== Segment start ==

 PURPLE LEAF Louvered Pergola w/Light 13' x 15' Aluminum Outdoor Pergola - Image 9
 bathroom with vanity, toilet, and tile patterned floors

== Segment end ==
== Segment start ==

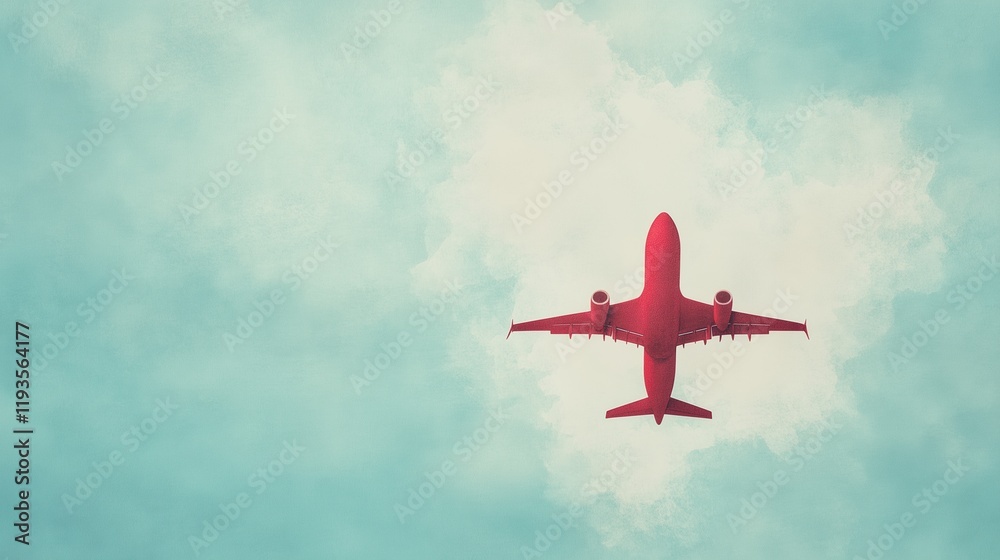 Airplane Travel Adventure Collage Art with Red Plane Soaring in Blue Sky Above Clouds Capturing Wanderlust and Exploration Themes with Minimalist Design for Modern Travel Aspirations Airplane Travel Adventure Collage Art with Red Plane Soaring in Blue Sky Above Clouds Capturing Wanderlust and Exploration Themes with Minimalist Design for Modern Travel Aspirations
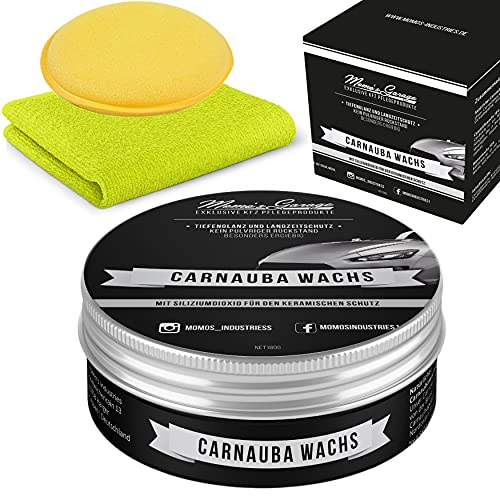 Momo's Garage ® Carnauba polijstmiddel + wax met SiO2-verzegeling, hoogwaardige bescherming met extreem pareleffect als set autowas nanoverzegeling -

== Segment end ==
== Segment start ==

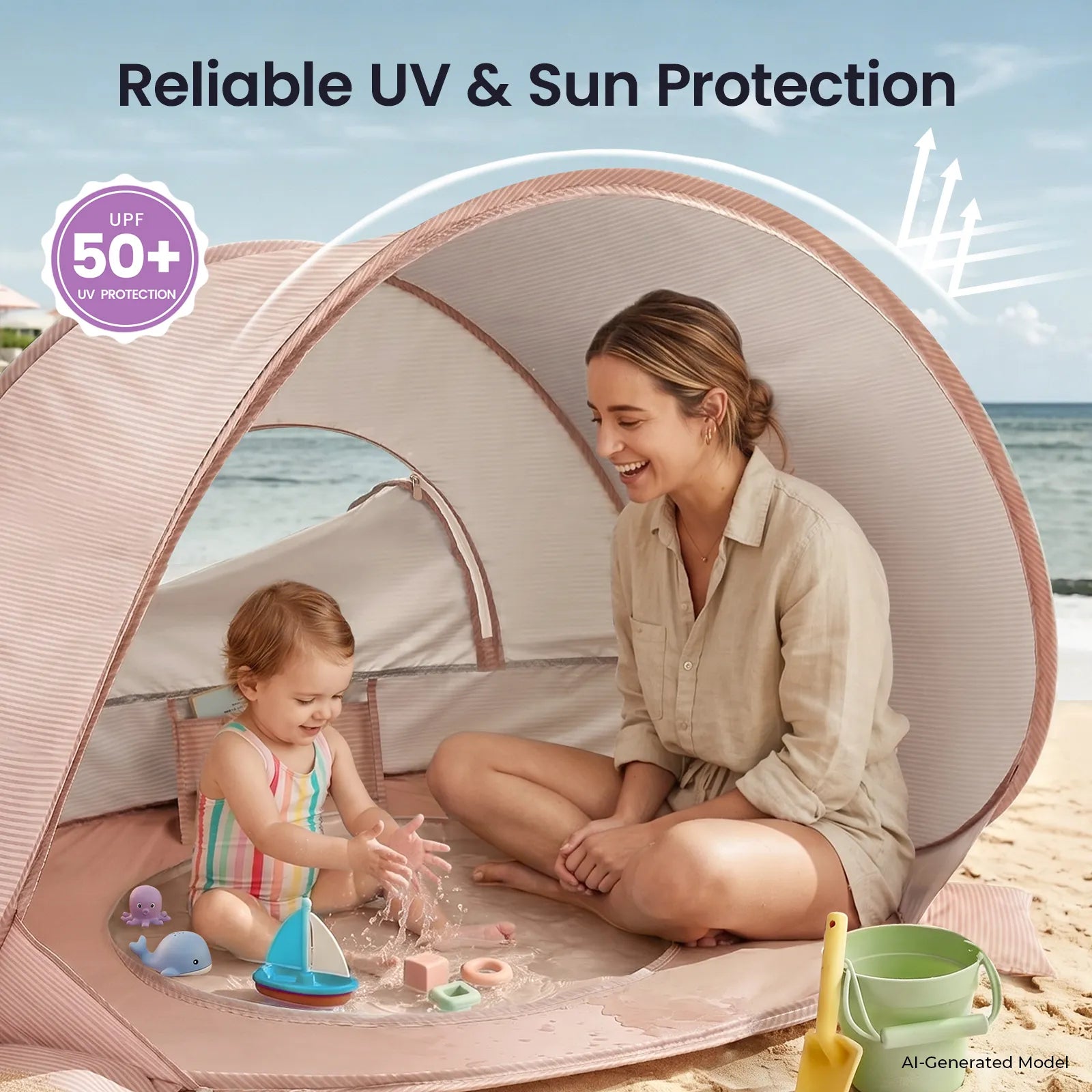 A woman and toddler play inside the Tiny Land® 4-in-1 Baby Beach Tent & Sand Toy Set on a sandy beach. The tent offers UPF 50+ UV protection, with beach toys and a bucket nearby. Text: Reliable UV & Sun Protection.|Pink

== Segment end ==

ACTIVITY:
Which part of the entries opens with the line containing "Travel Aspirations Airplane" and closes with the line containing "Momo's Garage ®"? Output that part exactly, ends included, pictures excluded.

TASK ANSWER:
 Airplane Travel Adventure Collage Art with Red Plane Soaring in Blue Sky Above Clouds Capturing Wanderlust and Exploration Themes with Minimalist Design for Modern Travel Aspirations Airplane Travel Adventure Collage Art with Red Plane Soaring in Blue Sky Above Clouds Capturing Wanderlust and Exploration Themes with Minimalist Design for Modern Travel Aspirations
 Momo's Garage ® Carnauba polijstmiddel + wax met SiO2-verzegeling, hoogwaardige bescherming met extreem pareleffect als set autowas nanoverzegeling -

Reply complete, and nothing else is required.